(Supplied records)

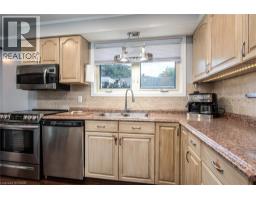 77 ROBERTS Crescent - 14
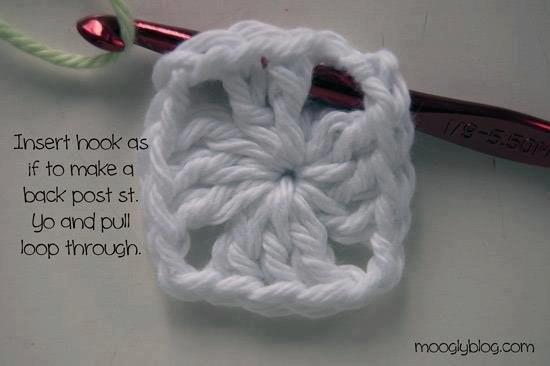 Плед из мотивов квадрат с подчеркнутым контуром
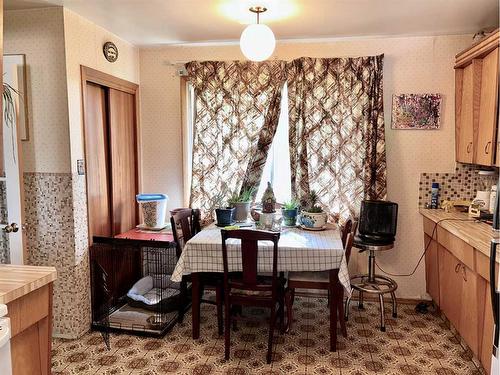 4739 53 Street, Innisfree, AB - Indoor Photo Showing Dining Room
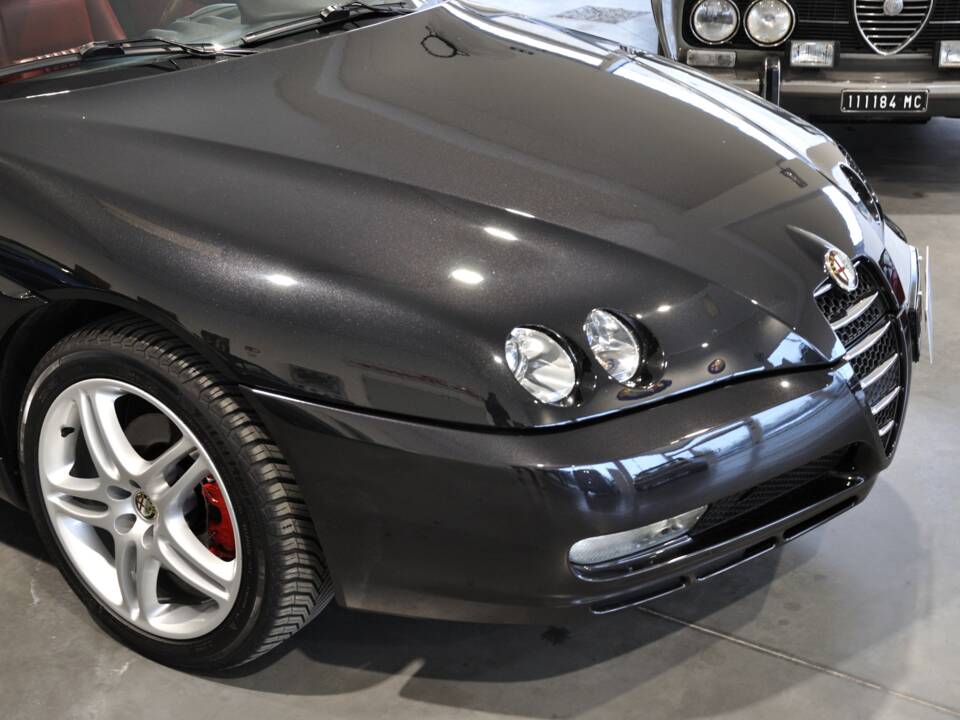 Immagine 21/39 di Alfa Romeo GTV 2.0 JTS (2005)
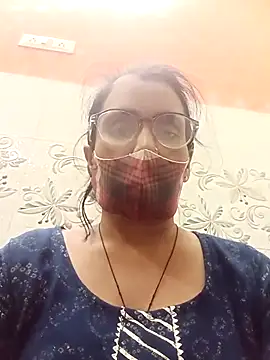 sanjana077 online show from November 6, 2025, 11:58 am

(End Supplied records)

Every entry, word for word, should be given again; the pictures are not part of the copy.

Task solution =
 77 ROBERTS Crescent - 14
 Плед из мотивов квадрат с подчеркнутым контуром
 4739 53 Street, Innisfree, AB - Indoor Photo Showing Dining Room
 Immagine 21/39 di Alfa Romeo GTV 2.0 JTS (2005)
 sanjana077 online show from November 6, 2025, 11:58 am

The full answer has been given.